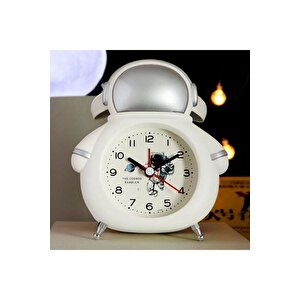 Astronot Mini Masa Saati, Işıklı Ve Alarmlı, 11x10, Gri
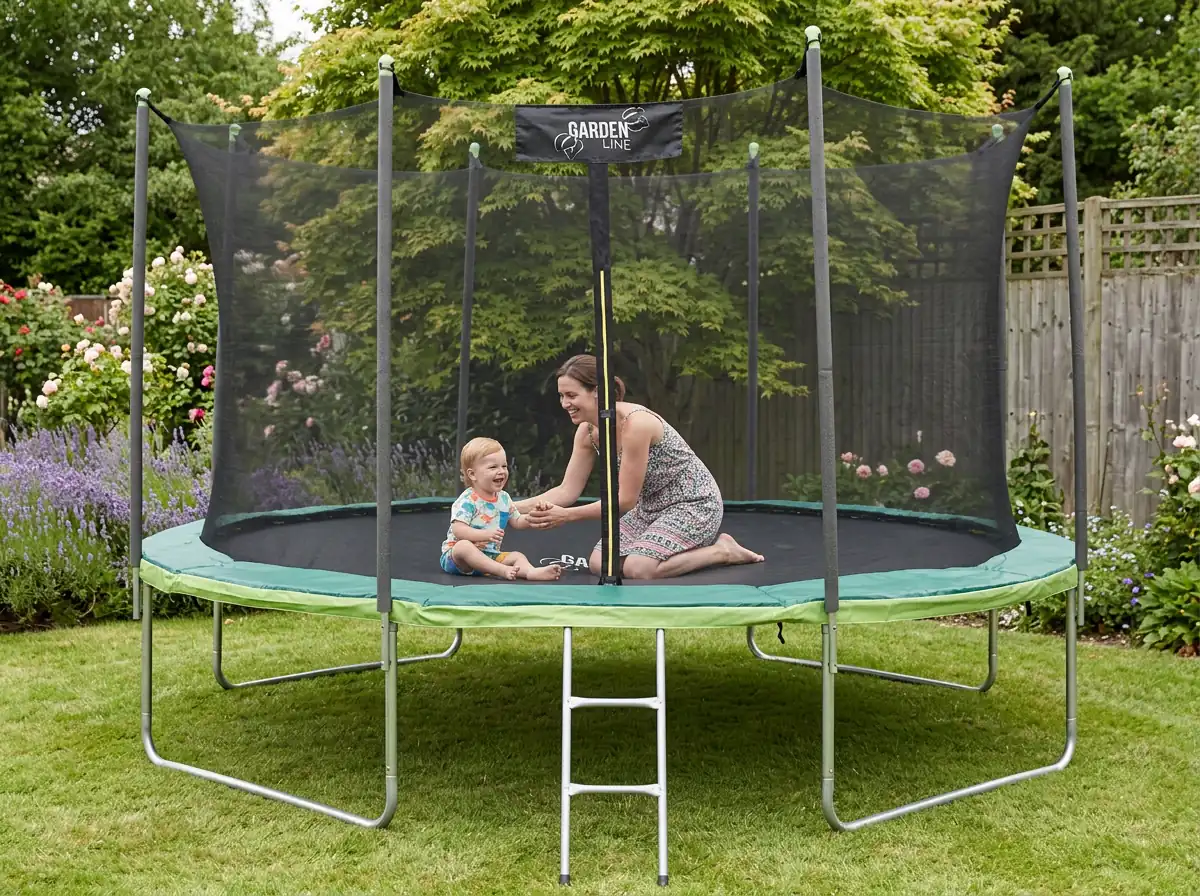 Záhradná trampolína 374 cm s vnútornou ochrannou sieťou a rebríkom CH-TRA4286 - detail 5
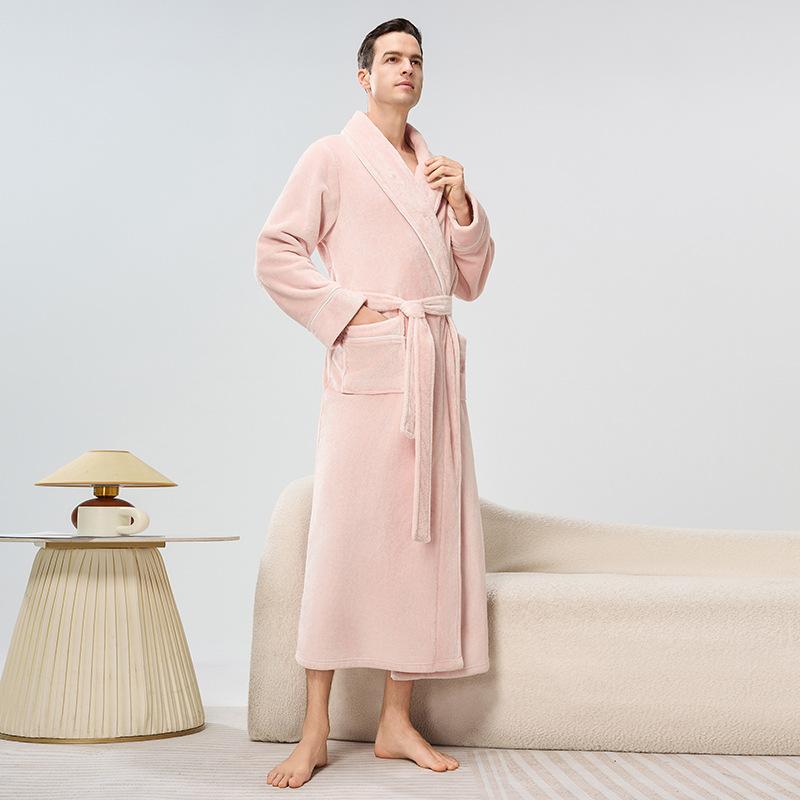 Men's Shawl Collar Robes Full Length Fleece Plush Bathrobes Soft Spa House Coat with Pockets Fluffy Spa Robes Unisex Winter Cozy Warm Spa Long Robe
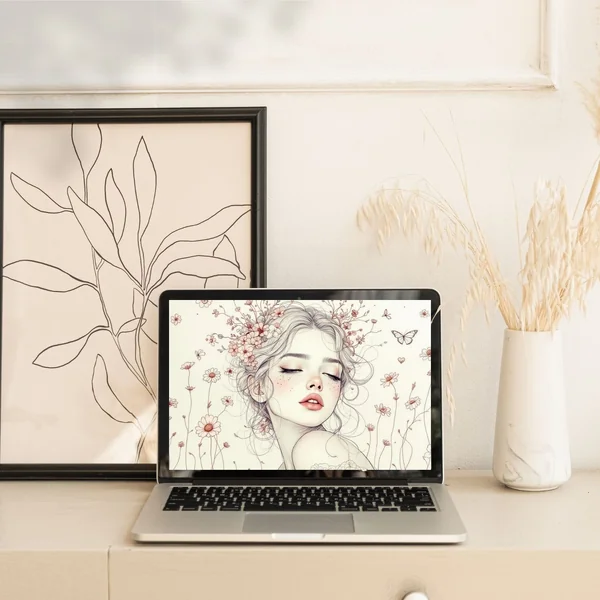 Lifestyle SmartWorks Wallpaper Bundle วอลเปเปอร์ผู้หญิงกับดอกไม้ ลายเส้นสวย ใช้ได้ทุกจอ image 2 Lifestyle SmartWorks Wallpaper Bundle วอลเปเปอร์ผู้หญิงกับดอกไม้ ลายเส้นสวย ใช้ได้ทุกจอ image 2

.....

**Exercise prompt**. The answer should contain all the material above, copied exactly, and no images.

**Solved exercise**.
 Astronot Mini Masa Saati, Işıklı Ve Alarmlı, 11x10, Gri
 Záhradná trampolína 374 cm s vnútornou ochrannou sieťou a rebríkom CH-TRA4286 - detail 5
 Men's Shawl Collar Robes Full Length Fleece Plush Bathrobes Soft Spa House Coat with Pockets Fluffy Spa Robes Unisex Winter Cozy Warm Spa Long Robe
 Lifestyle SmartWorks Wallpaper Bundle วอลเปเปอร์ผู้หญิงกับดอกไม้ ลายเส้นสวย ใช้ได้ทุกจอ image 2 Lifestyle SmartWorks Wallpaper Bundle วอลเปเปอร์ผู้หญิงกับดอกไม้ ลายเส้นสวย ใช้ได้ทุกจอ image 2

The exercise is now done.